Short text fragments from websites
-.-.-
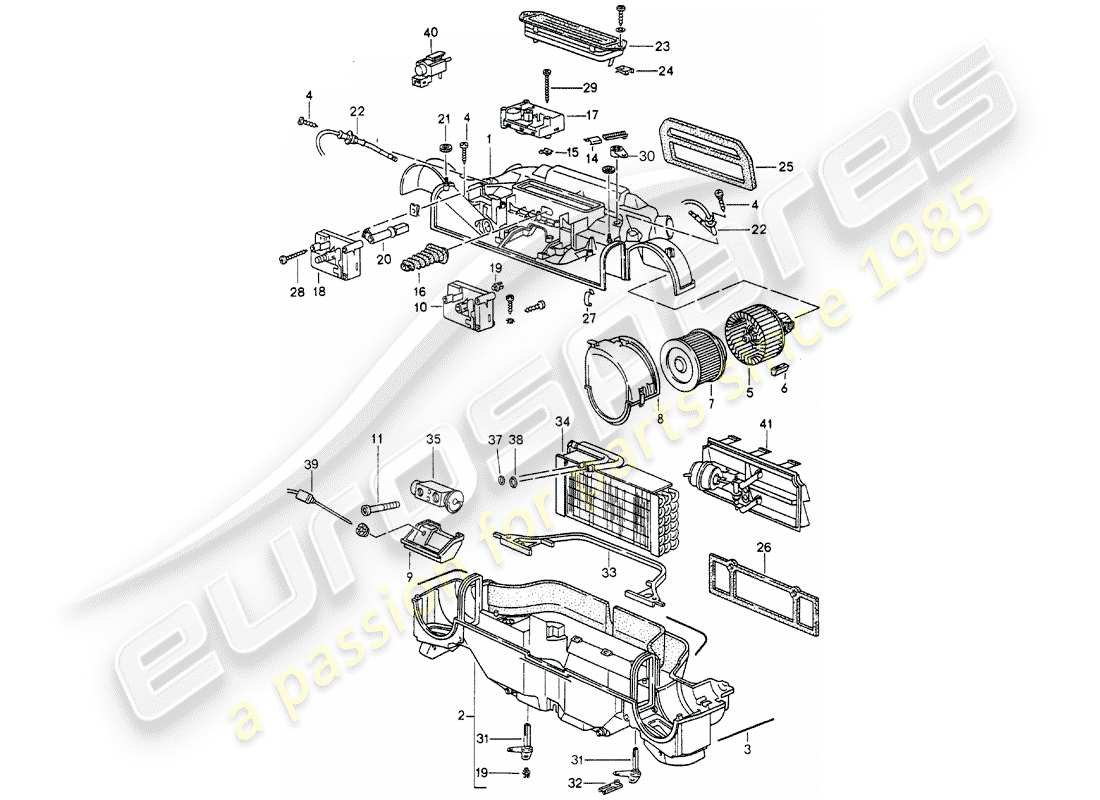 porsche 993 (1996) heater - air conditioner - single parts part diagram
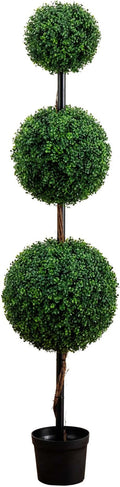 Nearly Natural 6ft. Artificial Triple Ball Boxwood Topiary Tree (Indoor/Outdoor)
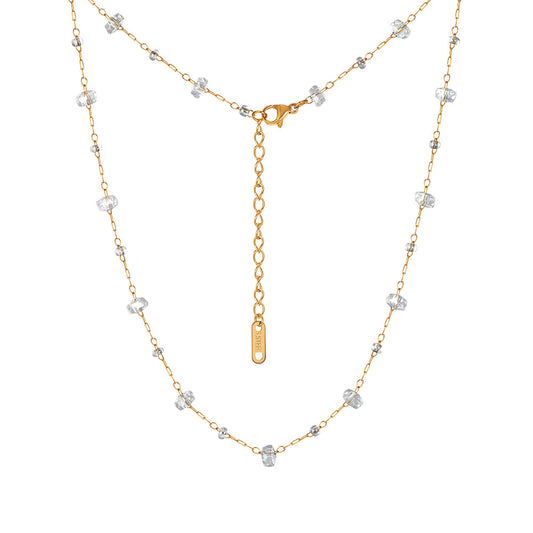 Gold Stainless Steel Clear Crystal Beaded Necklace, Irregular Faceted Glass Crystal Station Chain With Adjustable Extender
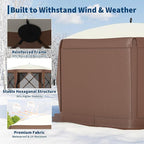 13x13FT 6-Sided Pop Up Gazebo Tent，One-Push Setup Canopy Tent with Removable Canopy Top & Wind Cloths, Outdoor shelter for Camping, Backyard Parties, Outdoor Events - Beige & Khaki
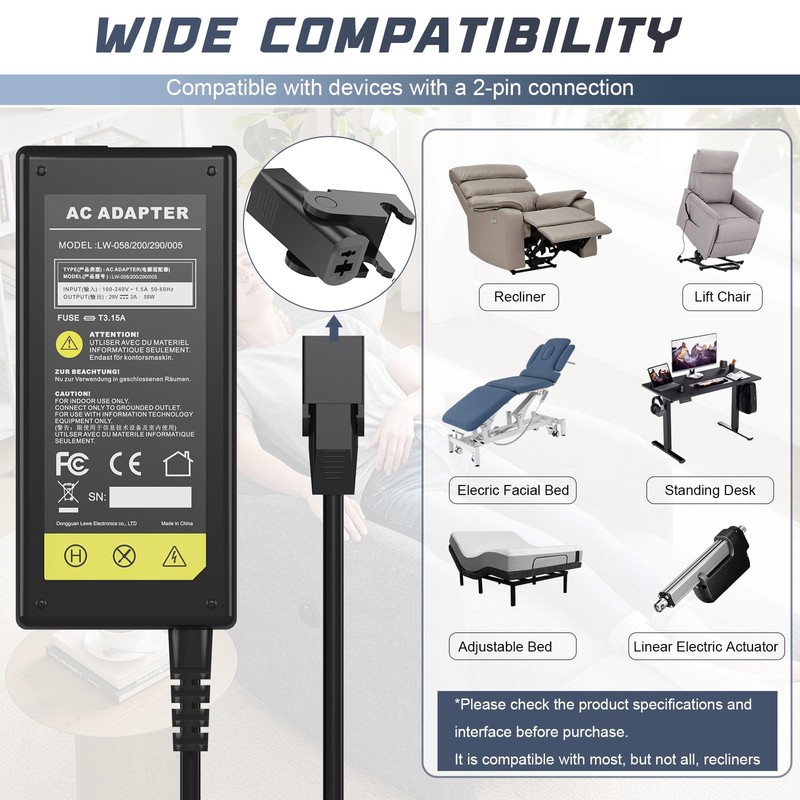 Replacement Recliner Power Cord, 2-Pin Universal Recliner Chair Power Supply,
-.-.-
Task brief
Repeat each record as given. No picture belongs in the copy.

Exercise response
 porsche 993 (1996) heater - air conditioner - single parts part diagram
 Nearly Natural 6ft. Artificial Triple Ball Boxwood Topiary Tree (Indoor/Outdoor)
 Gold Stainless Steel Clear Crystal Beaded Necklace, Irregular Faceted Glass Crystal Station Chain With Adjustable Extender
 13x13FT 6-Sided Pop Up Gazebo Tent，One-Push Setup Canopy Tent with Removable Canopy Top & Wind Cloths, Outdoor shelter for Camping, Backyard Parties, Outdoor Events - Beige & Khaki
 Replacement Recliner Power Cord, 2-Pin Universal Recliner Chair Power Supply,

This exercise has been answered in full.